> **SOURCE INFORMATION**
════════
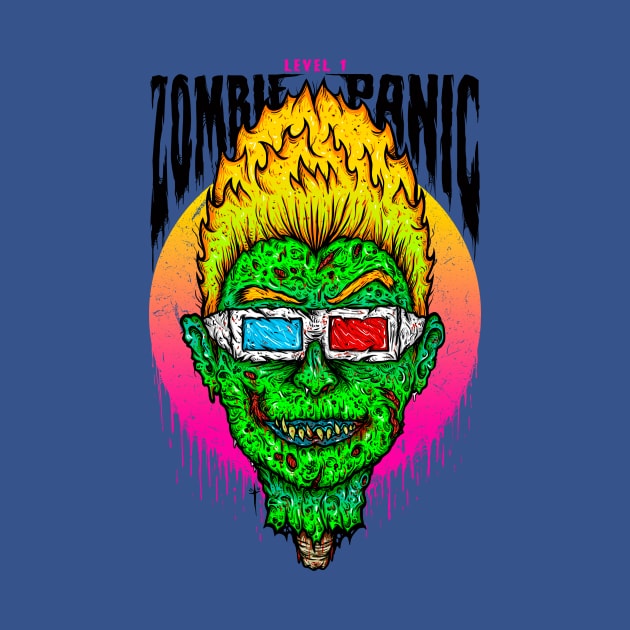 Level 1 "Zombie Panic" by DesecrateART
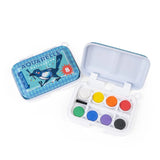Mini aquarel palet - blauw van Moulin Roty | Kids Conceptstore Le Fanfare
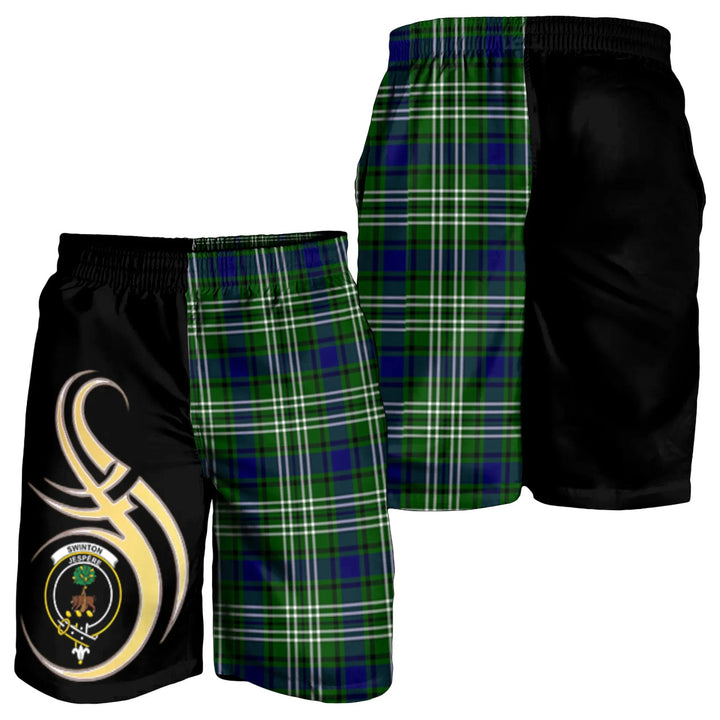 Scottish Swinton Clan Crest Tartan Believe in Me Men's Shorts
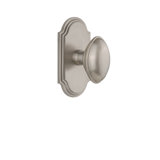Grandeur Arc Plate Single Dummy with Eden Prairie Door Knob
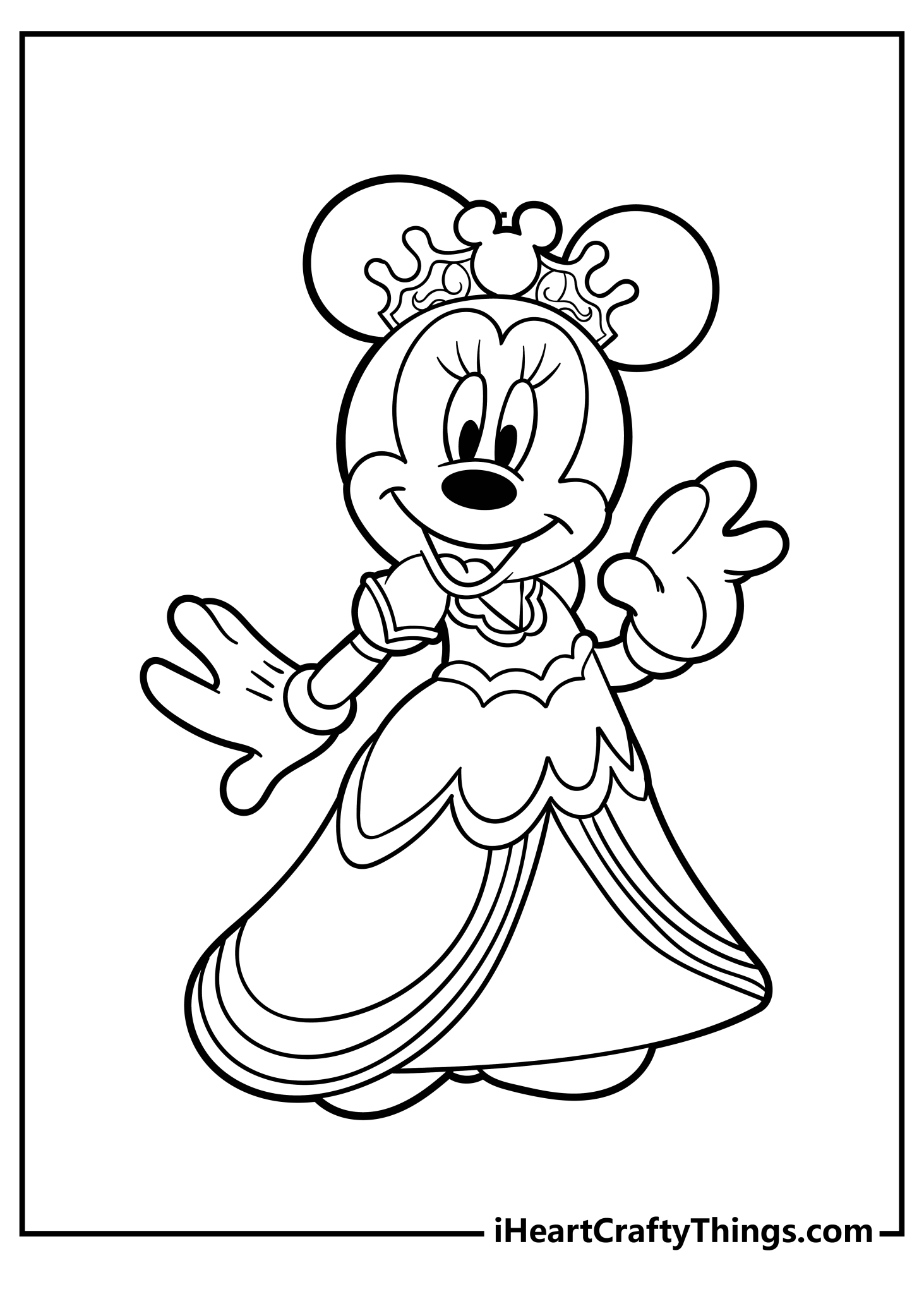 Minnie Mouse Coloring Pages (30 Free Printables)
════════
> **EXERCISE DESCRIPTION**
Retype every entry above exactly, leaving out the pictures.

> **SOLUTION BELOW**
 Level 1 "Zombie Panic" by DesecrateART
Mini aquarel palet - blauw van Moulin Roty | Kids Conceptstore Le Fanfare
 Scottish Swinton Clan Crest Tartan Believe in Me Men's Shorts
Grandeur Arc Plate Single Dummy with Eden Prairie Door Knob
 Minnie Mouse Coloring Pages (30 Free Printables)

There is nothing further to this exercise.